Glenn Beck’s Foolish Case Against a Contested Convention

Ted Cruz’s supporters have been furiously arguing this week that Marco Rubio and John Kasich should drop out of the GOP presidential race so that Ted Cruz can beat Donald Trump in a head-to-head match-up.

From the perspective of anyone-but-Trump voters, there are good arguments both for and against the Cruz position. It mostly depends on whether Cruz in a two-man race would be more likely to defeat Trump in the delegate-rich contests after March 15—most of which are in blue and purple states—or whether a three- or four-man race is more likely to keep Trump from a majority of delegates.

But one argument Cruz supporters have been making in order to chase Rubio and Kasich from the field—that winning the nomination at a contested convention would be illegitimate—is as foolish as it is pernicious to efforts to stop Trump.

On ABC’s This Week program today, talk radio host Glenn Beck, a high-profile Cruz endorser and surrogate, suggested that Donald Trump is a lot like Adolf Hitler in 1929. Beck then argued that the Republican party should roll over and make Trump the nominee even if Trump fails to win a majority of delegates required to win the nomination.

“If [Trump] gets close enough and the GOP tries to play games, I won’t vote for Donald Trump ever, but I will stand with his right, because the people have spoken,” Beck said.

“You just said you don’t believe it’s fair to deny Donald Trump the nomination if he has the lead going in” to the convention, George Stephanopoulous said a little later in the interview. “Of course not,” Beck replied.

Beck argued that “the options of the party playing politics to break us apart at the convention” would lead the party “to civil war on the floor and quite honestly it could lead to civil war in the country.”

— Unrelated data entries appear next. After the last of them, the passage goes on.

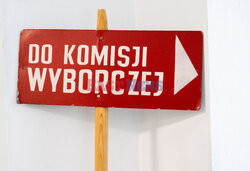 Przygotowywanie lokalów wyborczych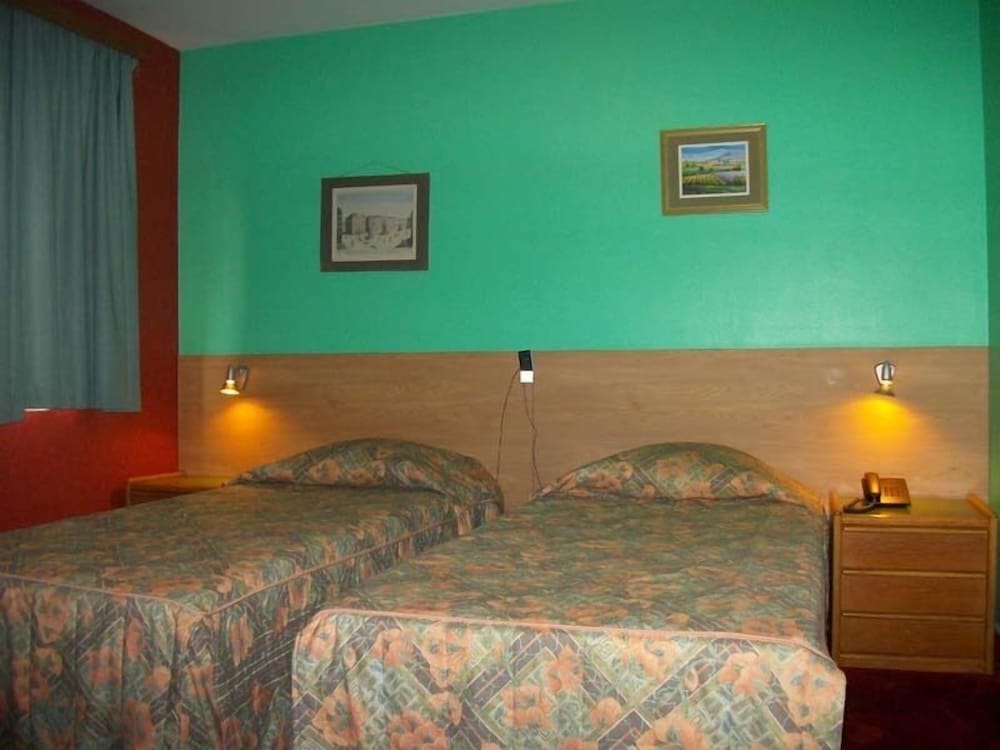 Hotel Evergreen 19/31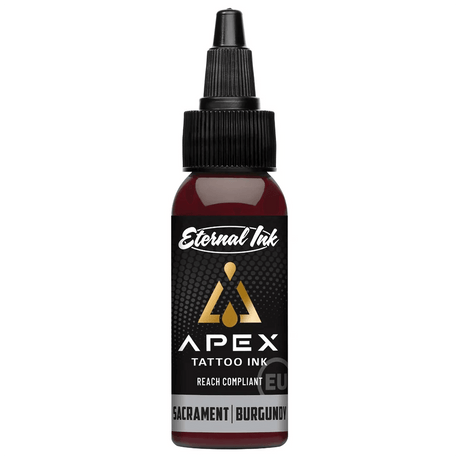 Eternal Ink Apex Sacrament Burgundy 30ml - BVShop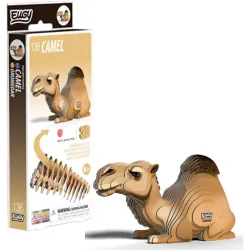 Eugy Build Your Own 3d Models Camel 136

Contested conventions used to be routine in American politics. Why exactly should the Republican party hand Trump the nomination if he fails to win a majority of delegates? From where does the principle of electoral pluralitarianism come? Not the United States Constitution.

To become president of the United States, a candidate must win a majority of Electoral College votes. If a candidate fails to get a majority of electoral votes, it falls to the House of Representatives to choose the president from among the top three electoral vote recipients. If in November, Hillary Clinton wins 260 electoral votes and Mitt Romney and Donald Trump win a combined 278 electoral votes, would Glenn Beck say that a Republican-controlled House of Representatives is obliged to make Hillary Clinton the president of the United States? Of course not.

The principle behind requiring a candidate to win a majority of electoral votes to be president is the same principle behind requiring a candidate to win a majority of delegates to become the GOP presidential nominee. A candidate with a plurality will certainly argue that his plurality entitles him to the nomination, but the majority has no duty to bend to the will of the minority.

The decision by Beck and other Cruz supporters to cast a contested convention as dangerous and illegitimate is especially foolish in light of the fact that Cruz himself does not have a realistic path to 1,237 delegates in the primary season.

Cruz has been arguing this week that he is the only candidate who has a path to beating Trump outright in the primary season, but his campaign refuses to spell out Cruz’s path to the 1,237 delegates.

“[L]ess than 50 percent of delegates are awarded, this race is far from over,” Cruz spokeswoman Catherine Frazier told me in an email on Saturday. But which specific states could Cruz win and get to an outright majority? “This race is now about delegates, less than half have been allocated, this race is far from over. I’m not discussing internal strategy, but we are running a national campaign to win, that would mean campaigning in all 50 states, and we will put the resources we need to be competitive in each one and earn the delegates required to win outright,” Frazier replied. It is not yet mathematically impossible for Cruz to win an outright majority but it would require a wildly optimistic scenario in which he wins Florida and runs the table in almost every blue state that votes after March 15.

On Sunday, I asked Cruz’s spokeswoman if Cruz agrees with Glenn Beck that Trump should get the nomination if he wins a plurality of delegates. She has not replied.

It’s obvious why Cruz would want to talk up his chances of being the only candidate who can beat Trump and he may in fact be in the best position to beat Trump. But there’s a very good chance that Cruz and his supporters are making Cruz’s own path to the nomination more difficult by portraying a contested convention as dangerous and illegitimate.